RECORDS:
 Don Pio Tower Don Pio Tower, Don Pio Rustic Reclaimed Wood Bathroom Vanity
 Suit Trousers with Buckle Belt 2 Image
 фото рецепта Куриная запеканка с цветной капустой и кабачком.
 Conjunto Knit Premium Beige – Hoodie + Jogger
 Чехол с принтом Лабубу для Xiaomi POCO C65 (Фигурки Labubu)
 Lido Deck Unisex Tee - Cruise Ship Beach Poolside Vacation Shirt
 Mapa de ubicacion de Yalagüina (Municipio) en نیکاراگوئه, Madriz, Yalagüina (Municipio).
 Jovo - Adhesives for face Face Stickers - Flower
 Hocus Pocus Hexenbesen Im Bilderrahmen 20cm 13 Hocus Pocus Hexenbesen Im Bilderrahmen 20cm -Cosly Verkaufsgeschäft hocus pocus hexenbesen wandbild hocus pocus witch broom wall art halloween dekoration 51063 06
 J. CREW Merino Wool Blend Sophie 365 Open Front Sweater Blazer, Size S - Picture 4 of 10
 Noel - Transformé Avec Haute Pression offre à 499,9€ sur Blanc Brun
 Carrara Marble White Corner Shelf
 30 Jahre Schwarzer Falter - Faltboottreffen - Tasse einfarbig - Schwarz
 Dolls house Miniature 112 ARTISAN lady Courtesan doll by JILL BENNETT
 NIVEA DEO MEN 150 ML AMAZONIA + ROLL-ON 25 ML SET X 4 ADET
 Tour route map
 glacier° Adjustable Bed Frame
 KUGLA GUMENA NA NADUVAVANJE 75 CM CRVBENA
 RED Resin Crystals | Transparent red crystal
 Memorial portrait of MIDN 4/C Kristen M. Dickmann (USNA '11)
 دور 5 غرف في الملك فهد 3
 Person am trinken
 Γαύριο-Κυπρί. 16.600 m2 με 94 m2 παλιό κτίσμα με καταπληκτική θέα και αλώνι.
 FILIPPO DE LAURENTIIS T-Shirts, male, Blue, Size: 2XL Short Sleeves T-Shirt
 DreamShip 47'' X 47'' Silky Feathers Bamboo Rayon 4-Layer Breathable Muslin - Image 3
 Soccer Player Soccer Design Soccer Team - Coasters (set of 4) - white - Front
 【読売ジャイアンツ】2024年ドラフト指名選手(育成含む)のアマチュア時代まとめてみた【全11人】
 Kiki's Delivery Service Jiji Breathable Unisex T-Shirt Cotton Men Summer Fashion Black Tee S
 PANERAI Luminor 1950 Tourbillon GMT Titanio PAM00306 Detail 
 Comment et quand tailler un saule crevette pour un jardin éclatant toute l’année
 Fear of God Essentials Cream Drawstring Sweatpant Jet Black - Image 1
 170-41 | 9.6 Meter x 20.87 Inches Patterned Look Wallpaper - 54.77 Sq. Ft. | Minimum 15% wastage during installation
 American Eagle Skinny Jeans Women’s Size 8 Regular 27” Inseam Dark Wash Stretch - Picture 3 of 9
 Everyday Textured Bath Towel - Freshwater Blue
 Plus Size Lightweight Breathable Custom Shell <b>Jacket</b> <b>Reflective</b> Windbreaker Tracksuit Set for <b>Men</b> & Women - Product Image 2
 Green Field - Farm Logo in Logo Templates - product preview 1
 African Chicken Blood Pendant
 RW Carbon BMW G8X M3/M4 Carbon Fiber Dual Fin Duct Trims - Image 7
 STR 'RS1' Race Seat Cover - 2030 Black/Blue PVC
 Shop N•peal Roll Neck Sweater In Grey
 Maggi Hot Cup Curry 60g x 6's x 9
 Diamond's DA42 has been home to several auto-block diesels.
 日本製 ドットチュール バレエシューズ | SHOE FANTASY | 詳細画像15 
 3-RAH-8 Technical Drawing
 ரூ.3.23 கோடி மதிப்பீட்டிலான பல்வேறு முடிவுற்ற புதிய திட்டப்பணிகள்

EXERCISE OBJECTIVE: In the records above, find the line with "Γαύριο-Κυπρί. 16.600 m2"; write out exactly that line and each one after it, stopping after the line with "Soccer Player Soccer".

RESPONSE AREA:
 Γαύριο-Κυπρί. 16.600 m2 με 94 m2 παλιό κτίσμα με καταπληκτική θέα και αλώνι.
 FILIPPO DE LAURENTIIS T-Shirts, male, Blue, Size: 2XL Short Sleeves T-Shirt
 DreamShip 47'' X 47'' Silky Feathers Bamboo Rayon 4-Layer Breathable Muslin - Image 3
 Soccer Player Soccer Design Soccer Team - Coasters (set of 4) - white - Front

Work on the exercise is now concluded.